Surveyors also worked in the forestry camps. They helped ensure that the tree planters did not miss any areas and did not plant too many trees in one section.

 

S.D. Ramer recalls the surveyors were also important when the COs were logging.

 

“Our work consisted mainly in cutting down and burning diseased pine trees. Alfred High, Jim Greenwood, Ed Hoover, and another man made up the surveyors' crew. About four or five miles [6 – 8 km] down the highway the surveyors started up the side of the mountain and put a stake every 100 feet [30 m], then descended, again putting in a stake every hundred feet, creating numerous 100 square foot blocks.

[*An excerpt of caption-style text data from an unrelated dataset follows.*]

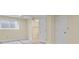 Basement room with light gray wood floors, white trim, a window, and white doors to storage and bathroom at 19828 E Brown Pl, Aurora, CO 80013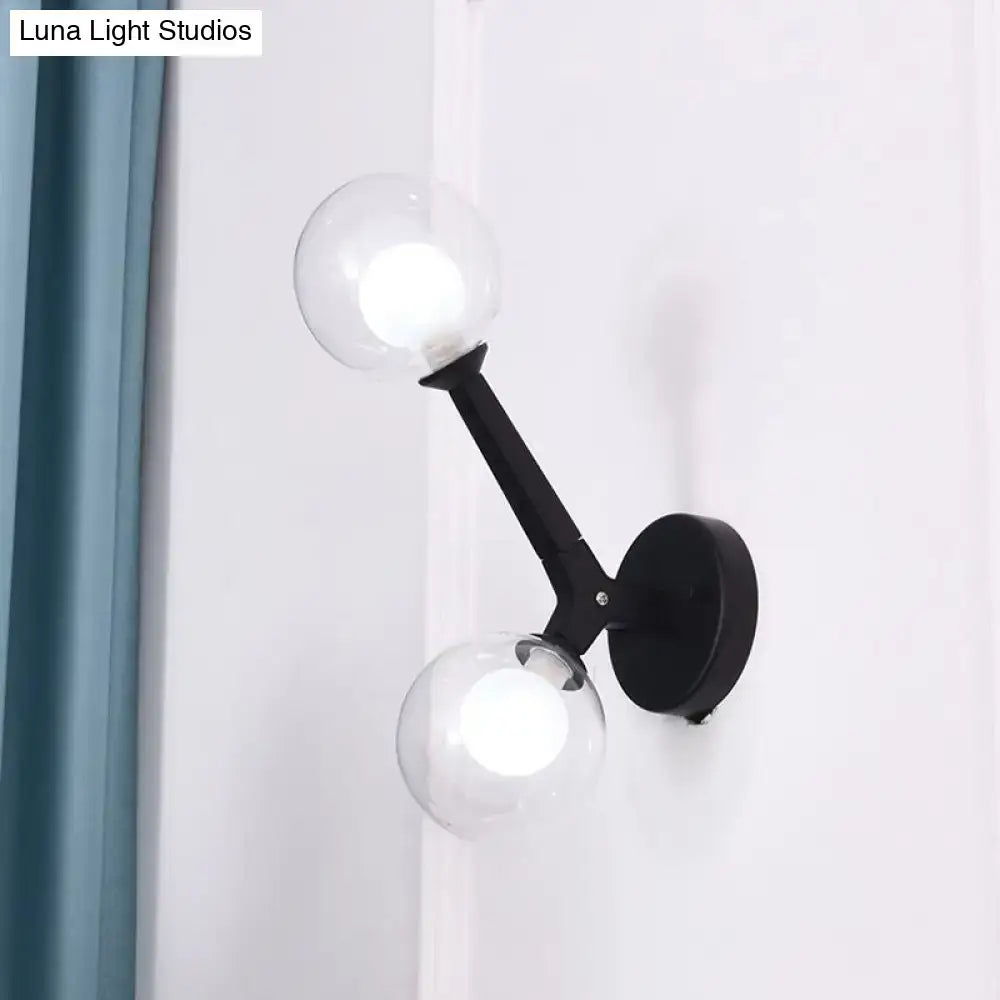 Black wall lamp with two clear glass globe shades featuring modern gold and black double globe wall design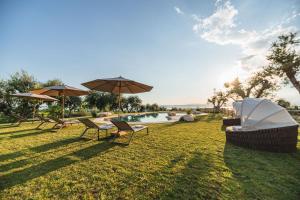 a yard with chairs and umbrellas and a pool at Privilegium Lazise in Lazise
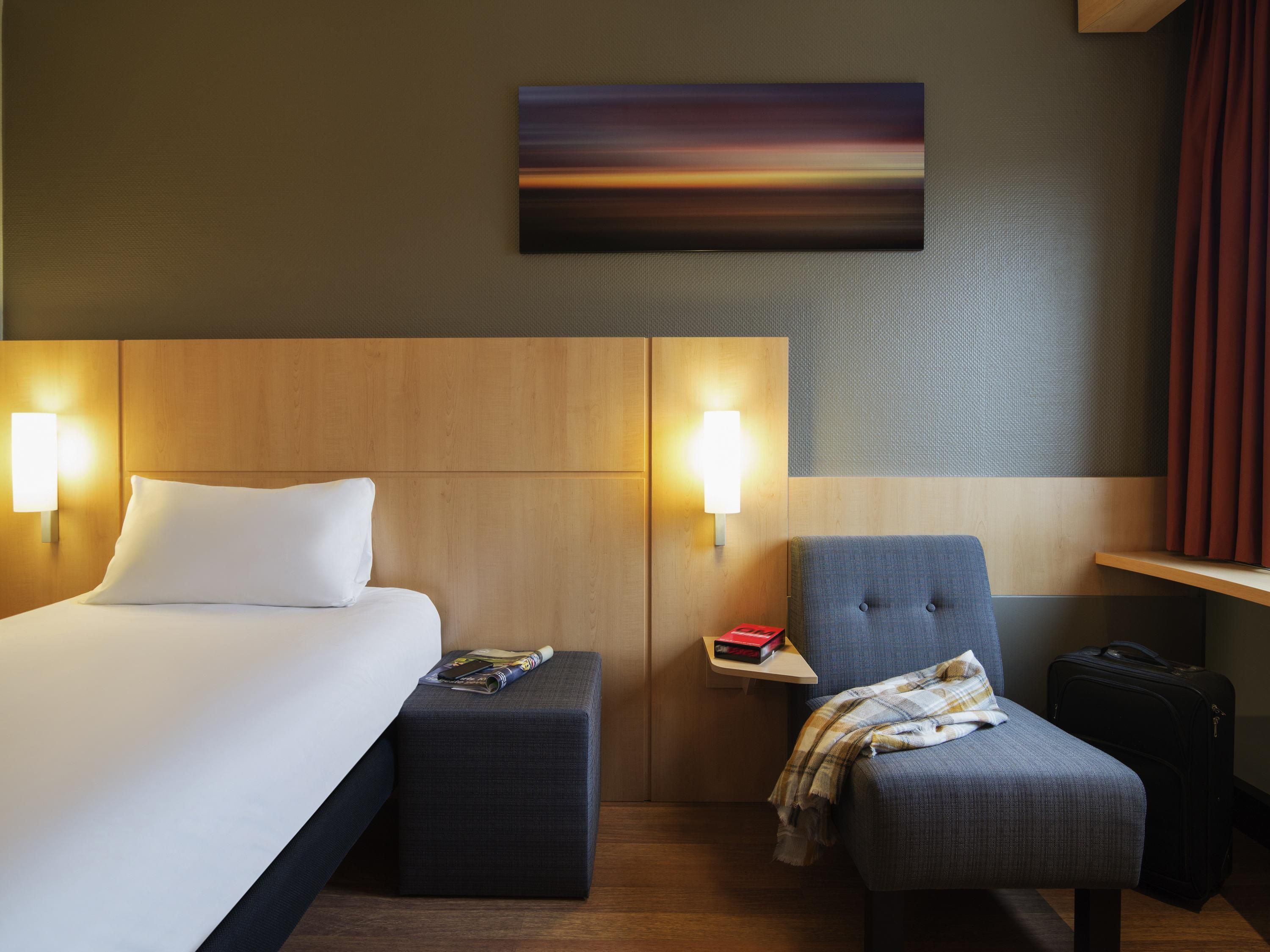 Una habitación de hotel con una cama, una silla, una mesita y una obra de arte colgada en la pared.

Then a gang of four men easily spotted the diseased trees, cut them down, and burned them. Even the bark from the stumps was chopped off and burned.” [ASM, 201]

 

Erwin Bartel worked on the same project, removing diseased trees.

 

“The major work at our camp for the winter was to be clearing out bug-infested trees on the mountainside in our area. At the right time in their life cycle, these bugs would land on the trees at a certain height from the ground, bore through the bark, then tunnel upwards laying their eggs as they went along. In spring these eggs would develop into larvae and would feed in a horizontal direction on the sap carrying layer, cutting off the sap flow to the rest of the tree. This tree would then die and become a fire hazard. Under a well-planned method, survey groups were formed to mark the infested trees. Other groups followed to cut down these marked trees along with any dry trees and burn them. This was in wintertime and fires could safely be started. Any of those trees that were along fire trails or roads, were brought into camp for fire wood.” [ASM, 203-204]

 

Off to work at Camp Giekie in Jasper. Survey crew at Banff, Alberta. David T. Wall surveying at Banff National Park.

 

Not only did the surveyors help the men to work more efficiently, but they also made the work much safer. By laying out blocks of land for each crew to work, the surveyors allowed the men to work without fear of another crew's tree falling on them. A little bit of advance planning by the surveyors allowed all the men to work safely and effectively.